Ten years ago, after a lengthy period of being tested on bridges throughout the country, fiber-reinforced polymer composites—touted for their lightness, longevity and resistance to corrosion compared with traditional materials—seemed poised to enter the U.S. mainstream bridge-building market.

Potential Bridge Benefits of Composites
Potential Bridge Benefits of Composites

Ten years later, however, FRPs are still on the fringe. An entrenched business culture resis-tant to change, up-front costs and a lack of codes have been significant barriers to market entry. But thanks to recent developments in policy and research, advocates believe composites may—finally—be ready for prime time. Today, the increasing awareness of carbon footprints and the life-cycle maintenance benefits of fiber-reinforced polymers (FRPs), not to mention corroded bridges, have forced a second look at FRPs.

“The voice of reason is starting to be heard,” says Thom Johnson, a manager at Ashland Performance Materials, Dublin, Ohio, which provides resins for FRPs. Language in the pending six-year federal transportation bill, H.R. 1682, he notes, “requires a state, as a condition of receiving federal-aid highway funding, to develop and implement a highway bridge management system that meets certain requirements,” such as to “identify corrosion mitigation and prevention methods to preserve its highway bridges” and “establish a project maintenance program to extend the life of such bridges.”

Composites are much further along in the marine world, where they have all but replaced timber for pilings, notes Robert Greene, president of Lancaster Composite, Millersville, Pa. “I’m encouraged by the awareness of this product among transportation departments and how it has increased in the last three to five years,” he says.

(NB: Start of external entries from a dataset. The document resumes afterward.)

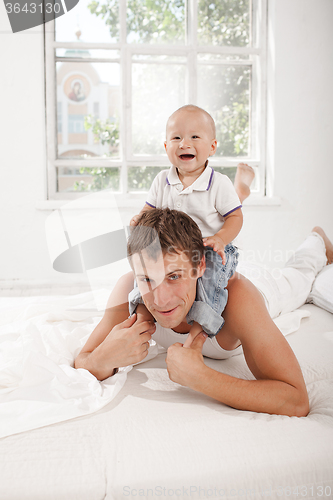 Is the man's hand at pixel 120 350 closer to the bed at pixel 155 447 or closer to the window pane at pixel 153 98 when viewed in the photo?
the bed at pixel 155 447

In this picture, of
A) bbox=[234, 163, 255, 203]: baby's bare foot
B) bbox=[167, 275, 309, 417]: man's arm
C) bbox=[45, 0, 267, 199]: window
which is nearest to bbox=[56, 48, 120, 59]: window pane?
bbox=[45, 0, 267, 199]: window

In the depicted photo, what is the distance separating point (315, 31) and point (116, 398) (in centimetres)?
353

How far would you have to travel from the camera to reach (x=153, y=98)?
3.41 metres

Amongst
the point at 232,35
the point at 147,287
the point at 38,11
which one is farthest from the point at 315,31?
the point at 147,287

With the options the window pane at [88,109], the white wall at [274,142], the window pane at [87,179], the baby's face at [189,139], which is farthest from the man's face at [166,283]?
the window pane at [88,109]

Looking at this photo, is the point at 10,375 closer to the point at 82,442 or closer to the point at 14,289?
the point at 82,442

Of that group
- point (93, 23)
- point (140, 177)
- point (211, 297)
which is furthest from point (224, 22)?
point (211, 297)

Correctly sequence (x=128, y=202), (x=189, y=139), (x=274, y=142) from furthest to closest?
(x=274, y=142) → (x=128, y=202) → (x=189, y=139)

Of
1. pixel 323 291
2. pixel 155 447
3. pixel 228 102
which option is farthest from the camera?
pixel 228 102

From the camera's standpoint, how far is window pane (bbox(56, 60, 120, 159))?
10.9 ft

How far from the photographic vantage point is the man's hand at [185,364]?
0.96 meters

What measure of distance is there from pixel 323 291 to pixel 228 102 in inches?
91.0

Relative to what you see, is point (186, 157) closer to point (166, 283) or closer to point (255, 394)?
point (166, 283)

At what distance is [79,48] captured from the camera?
324 cm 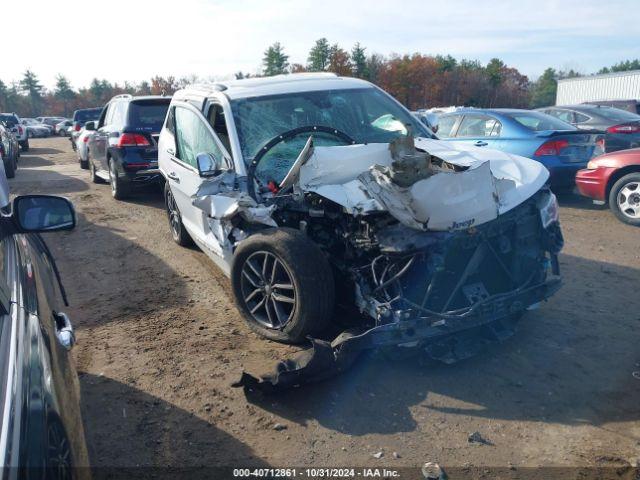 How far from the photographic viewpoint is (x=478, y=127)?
9750 millimetres

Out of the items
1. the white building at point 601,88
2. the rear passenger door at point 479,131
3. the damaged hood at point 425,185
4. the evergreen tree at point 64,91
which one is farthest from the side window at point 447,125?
the evergreen tree at point 64,91

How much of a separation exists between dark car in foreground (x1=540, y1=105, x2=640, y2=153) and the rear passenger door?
2.11 meters

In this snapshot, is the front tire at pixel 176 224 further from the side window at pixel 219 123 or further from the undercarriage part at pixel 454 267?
the undercarriage part at pixel 454 267

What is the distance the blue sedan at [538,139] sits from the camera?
8.67m

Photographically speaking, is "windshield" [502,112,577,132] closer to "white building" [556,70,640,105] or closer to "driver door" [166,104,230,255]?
"driver door" [166,104,230,255]

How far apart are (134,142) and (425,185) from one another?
7.27m

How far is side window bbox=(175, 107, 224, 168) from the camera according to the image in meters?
5.35

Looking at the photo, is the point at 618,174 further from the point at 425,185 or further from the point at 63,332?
the point at 63,332

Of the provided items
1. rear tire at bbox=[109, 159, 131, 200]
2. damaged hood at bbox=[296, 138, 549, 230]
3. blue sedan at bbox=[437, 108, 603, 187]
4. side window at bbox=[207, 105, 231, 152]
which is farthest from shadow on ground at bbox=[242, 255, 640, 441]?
rear tire at bbox=[109, 159, 131, 200]

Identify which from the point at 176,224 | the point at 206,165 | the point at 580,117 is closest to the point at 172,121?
the point at 176,224

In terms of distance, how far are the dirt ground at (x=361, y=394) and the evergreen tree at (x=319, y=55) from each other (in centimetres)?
4125

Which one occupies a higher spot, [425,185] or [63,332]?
[425,185]

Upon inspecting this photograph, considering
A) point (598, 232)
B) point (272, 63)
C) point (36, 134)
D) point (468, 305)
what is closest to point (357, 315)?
point (468, 305)

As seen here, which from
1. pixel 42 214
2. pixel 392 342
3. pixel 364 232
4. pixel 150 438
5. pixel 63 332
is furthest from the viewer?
pixel 364 232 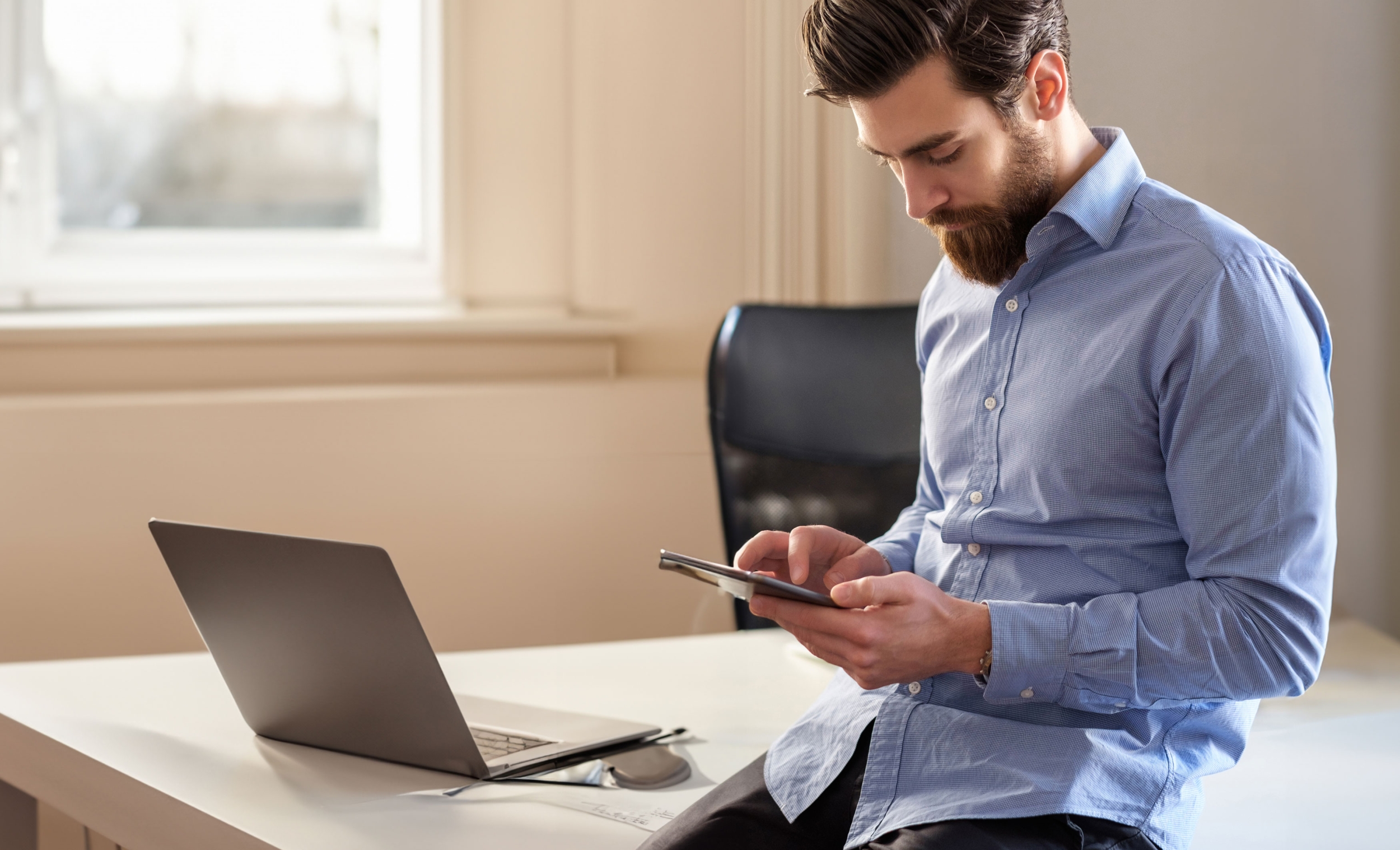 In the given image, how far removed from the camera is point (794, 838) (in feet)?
3.47

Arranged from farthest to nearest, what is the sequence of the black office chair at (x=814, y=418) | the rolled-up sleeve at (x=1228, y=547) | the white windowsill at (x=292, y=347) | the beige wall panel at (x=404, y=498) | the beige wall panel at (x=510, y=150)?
the beige wall panel at (x=510, y=150), the white windowsill at (x=292, y=347), the beige wall panel at (x=404, y=498), the black office chair at (x=814, y=418), the rolled-up sleeve at (x=1228, y=547)

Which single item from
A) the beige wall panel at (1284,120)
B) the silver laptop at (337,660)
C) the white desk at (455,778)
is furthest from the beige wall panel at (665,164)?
the silver laptop at (337,660)

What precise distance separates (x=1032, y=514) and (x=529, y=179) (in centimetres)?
163

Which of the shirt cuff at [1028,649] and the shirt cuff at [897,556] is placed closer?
the shirt cuff at [1028,649]

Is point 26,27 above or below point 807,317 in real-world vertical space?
above

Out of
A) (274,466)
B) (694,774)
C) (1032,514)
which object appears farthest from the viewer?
(274,466)

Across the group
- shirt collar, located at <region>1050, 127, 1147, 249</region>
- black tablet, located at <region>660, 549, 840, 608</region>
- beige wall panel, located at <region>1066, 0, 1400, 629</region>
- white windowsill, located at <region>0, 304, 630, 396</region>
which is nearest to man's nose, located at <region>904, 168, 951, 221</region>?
shirt collar, located at <region>1050, 127, 1147, 249</region>

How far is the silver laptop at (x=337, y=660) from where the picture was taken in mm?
1123

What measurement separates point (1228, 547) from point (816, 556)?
385mm

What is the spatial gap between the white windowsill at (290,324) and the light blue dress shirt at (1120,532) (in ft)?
4.39

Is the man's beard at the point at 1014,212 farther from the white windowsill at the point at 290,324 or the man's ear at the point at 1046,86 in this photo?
the white windowsill at the point at 290,324

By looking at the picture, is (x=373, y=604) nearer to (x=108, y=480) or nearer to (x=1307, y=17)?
(x=108, y=480)

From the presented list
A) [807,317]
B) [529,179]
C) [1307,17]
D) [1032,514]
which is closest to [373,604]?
[1032,514]

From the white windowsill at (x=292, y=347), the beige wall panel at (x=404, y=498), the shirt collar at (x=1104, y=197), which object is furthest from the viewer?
the white windowsill at (x=292, y=347) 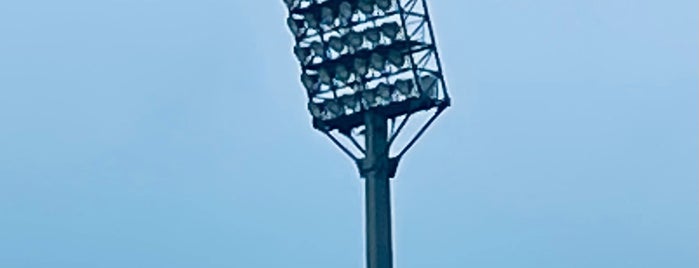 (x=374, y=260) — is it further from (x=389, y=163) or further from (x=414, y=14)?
(x=414, y=14)

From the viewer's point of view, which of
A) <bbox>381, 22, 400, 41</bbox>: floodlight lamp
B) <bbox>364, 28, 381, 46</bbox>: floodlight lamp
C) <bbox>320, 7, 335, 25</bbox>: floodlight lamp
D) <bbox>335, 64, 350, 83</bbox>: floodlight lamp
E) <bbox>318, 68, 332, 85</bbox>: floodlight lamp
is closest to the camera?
<bbox>381, 22, 400, 41</bbox>: floodlight lamp

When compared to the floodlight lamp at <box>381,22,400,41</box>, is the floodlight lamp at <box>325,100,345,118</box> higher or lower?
lower

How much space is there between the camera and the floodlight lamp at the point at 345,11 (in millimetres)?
50406

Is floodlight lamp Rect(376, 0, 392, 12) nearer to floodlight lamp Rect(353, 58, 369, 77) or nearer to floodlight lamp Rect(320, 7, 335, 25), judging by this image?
floodlight lamp Rect(353, 58, 369, 77)

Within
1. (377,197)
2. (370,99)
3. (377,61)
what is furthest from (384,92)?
(377,197)

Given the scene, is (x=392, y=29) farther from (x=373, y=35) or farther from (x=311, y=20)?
(x=311, y=20)

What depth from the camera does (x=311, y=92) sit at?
168ft

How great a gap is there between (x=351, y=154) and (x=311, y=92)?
157 centimetres

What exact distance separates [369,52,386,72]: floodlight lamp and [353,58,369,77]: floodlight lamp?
169 mm

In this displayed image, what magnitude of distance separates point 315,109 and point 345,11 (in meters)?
2.23

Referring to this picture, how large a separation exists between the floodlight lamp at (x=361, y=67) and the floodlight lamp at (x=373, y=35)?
1.47 ft

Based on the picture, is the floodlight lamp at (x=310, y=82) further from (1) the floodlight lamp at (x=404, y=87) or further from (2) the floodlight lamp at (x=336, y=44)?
(1) the floodlight lamp at (x=404, y=87)

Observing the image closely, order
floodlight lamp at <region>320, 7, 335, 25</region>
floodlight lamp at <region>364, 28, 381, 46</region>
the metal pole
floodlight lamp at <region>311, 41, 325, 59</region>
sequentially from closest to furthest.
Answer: floodlight lamp at <region>364, 28, 381, 46</region> → the metal pole → floodlight lamp at <region>320, 7, 335, 25</region> → floodlight lamp at <region>311, 41, 325, 59</region>

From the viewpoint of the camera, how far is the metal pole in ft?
164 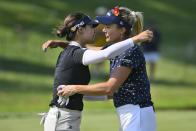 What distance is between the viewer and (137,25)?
20.3 ft

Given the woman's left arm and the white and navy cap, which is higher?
the white and navy cap

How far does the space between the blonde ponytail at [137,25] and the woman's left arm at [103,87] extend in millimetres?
485

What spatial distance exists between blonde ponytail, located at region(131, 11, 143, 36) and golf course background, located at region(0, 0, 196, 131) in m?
4.82

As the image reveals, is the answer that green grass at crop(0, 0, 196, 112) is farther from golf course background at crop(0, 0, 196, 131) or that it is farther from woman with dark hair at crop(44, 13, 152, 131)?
woman with dark hair at crop(44, 13, 152, 131)

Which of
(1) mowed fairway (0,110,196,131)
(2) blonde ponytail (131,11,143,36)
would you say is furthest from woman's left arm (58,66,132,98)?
(1) mowed fairway (0,110,196,131)

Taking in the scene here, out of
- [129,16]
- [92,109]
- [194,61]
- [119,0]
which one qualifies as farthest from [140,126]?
[119,0]

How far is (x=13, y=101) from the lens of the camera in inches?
655

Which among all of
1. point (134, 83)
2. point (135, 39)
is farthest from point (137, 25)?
point (134, 83)

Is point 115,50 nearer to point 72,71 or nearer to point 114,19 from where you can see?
point 114,19

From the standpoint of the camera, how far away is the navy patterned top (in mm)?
5996

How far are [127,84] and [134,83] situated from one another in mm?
71

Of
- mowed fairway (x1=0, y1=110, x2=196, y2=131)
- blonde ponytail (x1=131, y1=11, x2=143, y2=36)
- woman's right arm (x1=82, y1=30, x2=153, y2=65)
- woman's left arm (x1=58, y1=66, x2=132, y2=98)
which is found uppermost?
blonde ponytail (x1=131, y1=11, x2=143, y2=36)

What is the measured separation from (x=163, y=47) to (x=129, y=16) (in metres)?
20.3

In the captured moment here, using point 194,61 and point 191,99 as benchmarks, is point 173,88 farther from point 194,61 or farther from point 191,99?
point 194,61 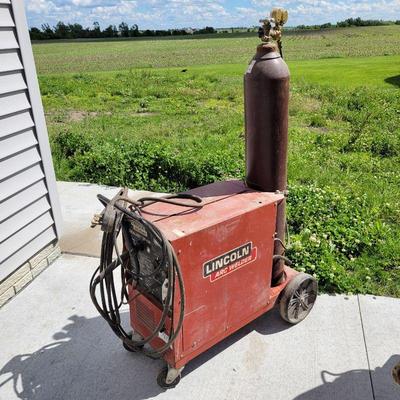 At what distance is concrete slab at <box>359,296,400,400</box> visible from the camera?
120 inches

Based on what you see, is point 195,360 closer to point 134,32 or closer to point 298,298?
point 298,298

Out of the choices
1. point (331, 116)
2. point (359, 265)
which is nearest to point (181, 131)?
point (331, 116)

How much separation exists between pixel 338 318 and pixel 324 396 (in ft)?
2.97

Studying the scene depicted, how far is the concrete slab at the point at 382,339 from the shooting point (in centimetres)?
305

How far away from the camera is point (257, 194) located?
3.15 m

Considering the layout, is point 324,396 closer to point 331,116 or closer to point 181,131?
point 181,131

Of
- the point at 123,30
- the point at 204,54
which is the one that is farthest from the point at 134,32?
the point at 204,54

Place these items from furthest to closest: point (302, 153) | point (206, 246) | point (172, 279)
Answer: point (302, 153) → point (206, 246) → point (172, 279)

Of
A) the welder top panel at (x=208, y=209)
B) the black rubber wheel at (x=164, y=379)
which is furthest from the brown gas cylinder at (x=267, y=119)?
the black rubber wheel at (x=164, y=379)

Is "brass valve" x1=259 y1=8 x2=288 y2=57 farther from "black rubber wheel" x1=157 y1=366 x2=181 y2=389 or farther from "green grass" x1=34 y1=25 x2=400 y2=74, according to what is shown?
"green grass" x1=34 y1=25 x2=400 y2=74

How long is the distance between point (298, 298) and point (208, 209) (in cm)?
128

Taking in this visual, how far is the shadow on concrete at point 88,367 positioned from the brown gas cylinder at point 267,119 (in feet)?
4.29

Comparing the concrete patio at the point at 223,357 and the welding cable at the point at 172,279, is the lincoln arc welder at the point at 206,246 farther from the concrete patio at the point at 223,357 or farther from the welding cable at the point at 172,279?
the concrete patio at the point at 223,357

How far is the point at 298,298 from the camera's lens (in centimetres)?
359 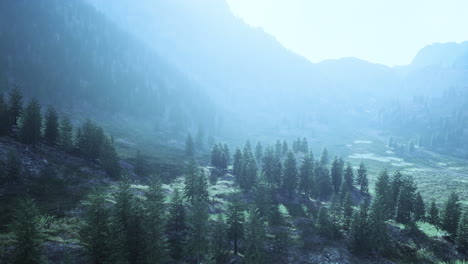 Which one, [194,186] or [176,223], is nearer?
[176,223]

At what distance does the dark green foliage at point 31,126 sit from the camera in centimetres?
5606

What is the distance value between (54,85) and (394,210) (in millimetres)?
177504

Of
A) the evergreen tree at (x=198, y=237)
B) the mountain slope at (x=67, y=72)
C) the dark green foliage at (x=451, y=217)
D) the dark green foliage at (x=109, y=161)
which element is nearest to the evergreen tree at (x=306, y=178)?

A big push in gaining acceptance came from the U.S. Navy, which wrote a thorough specification for FRP piles. “It’s a big plus, having a third-party certification that any other government agency can apply or refer to,” Greene adds.

A code recently was approved by the American Association of State Highway and Transportation Officials for FRP rebar and pedestrian bridges. “We presently are working on codes for bridge decks and composite repairs of concrete,” says Paul Liles Jr., chairman of the AASHTO subcommittee on composites. The American Composites Manufacturers Association has also been working with the American Society of Civil Engineers on development of a technical standard.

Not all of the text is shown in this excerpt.